(Problem requirements):
Transcribe the entries that follow exactly as they appear, minus pictures.

(Excerpted data):

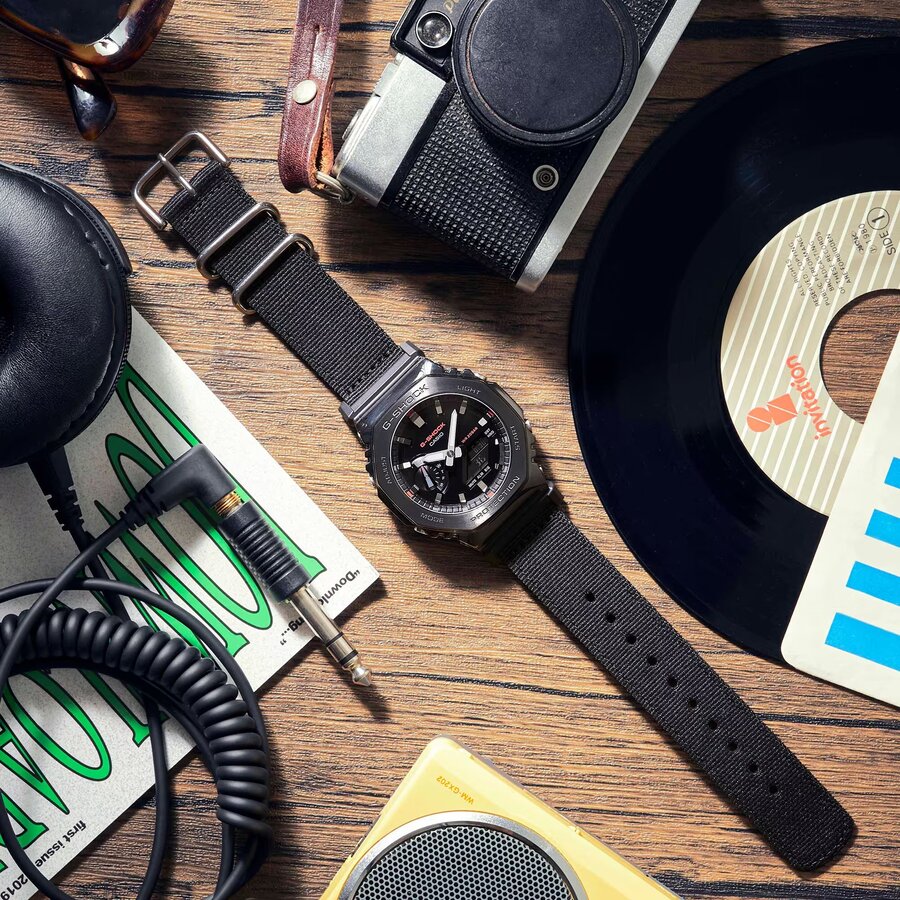 ЧАСОВНИК CASIO G-SHOCK GM-2100CB-1AER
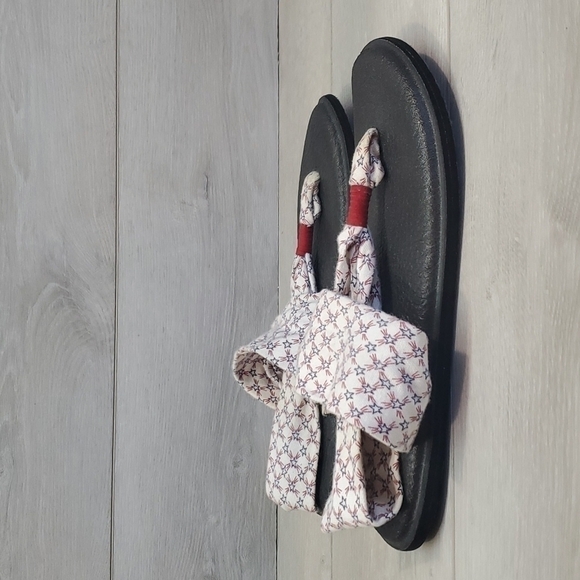 Sanuk Women Yoga Flip Flop Comfort Sandals Flats shoes sz 8 - Picture 2 of 9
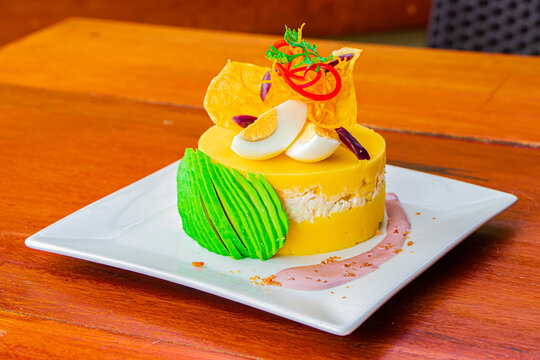 Causa de pollo con palta, huevo y chifles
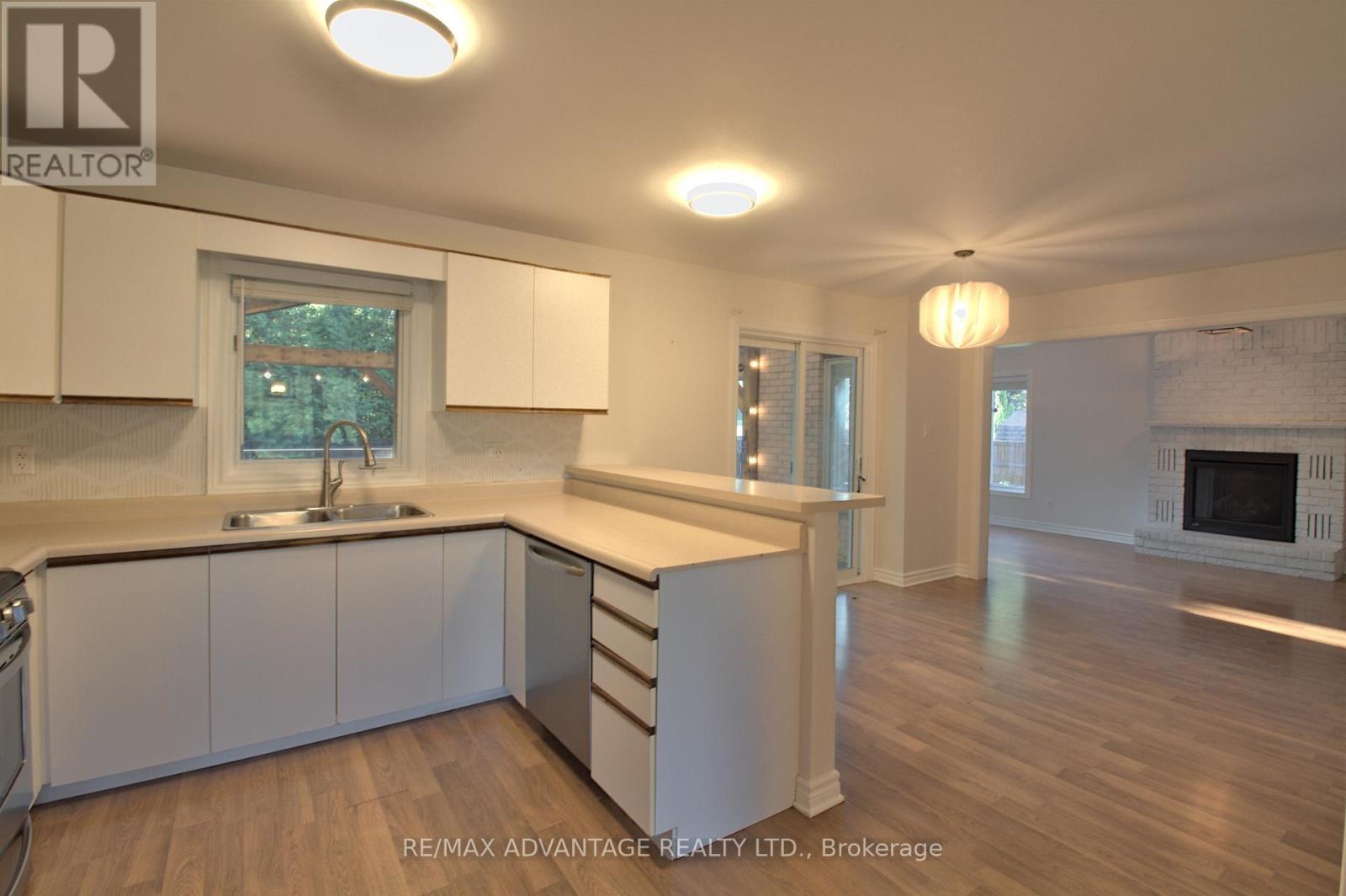 Photo 44 of 21 Village Gate Crescent, Thames Centre ON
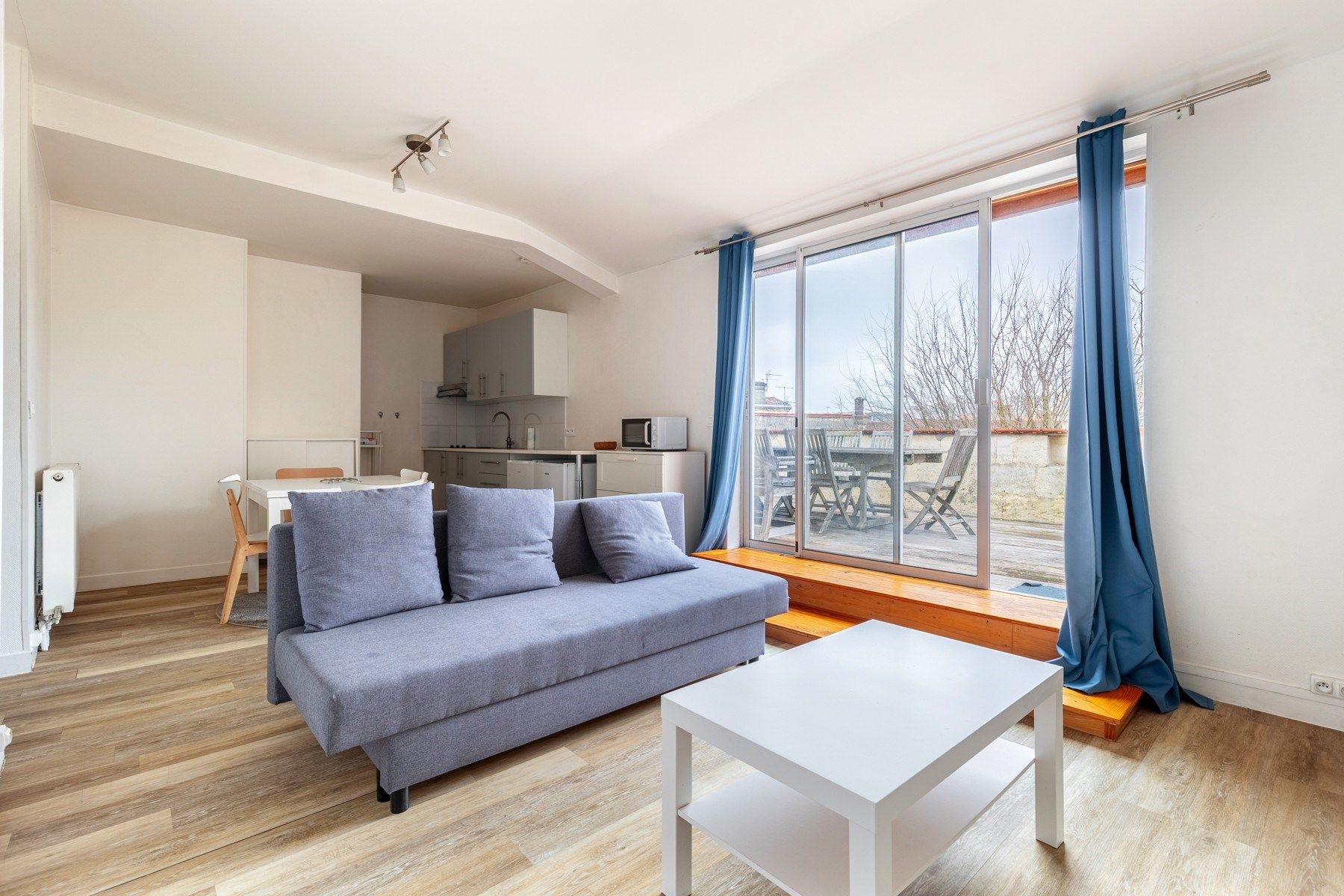 building for sale on BORDEAUX (33000)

(Exercise answer):
 ЧАСОВНИК CASIO G-SHOCK GM-2100CB-1AER
 Sanuk Women Yoga Flip Flop Comfort Sandals Flats shoes sz 8 - Picture 2 of 9
 Causa de pollo con palta, huevo y chifles
 Photo 44 of 21 Village Gate Crescent, Thames Centre ON
 building for sale on BORDEAUX (33000)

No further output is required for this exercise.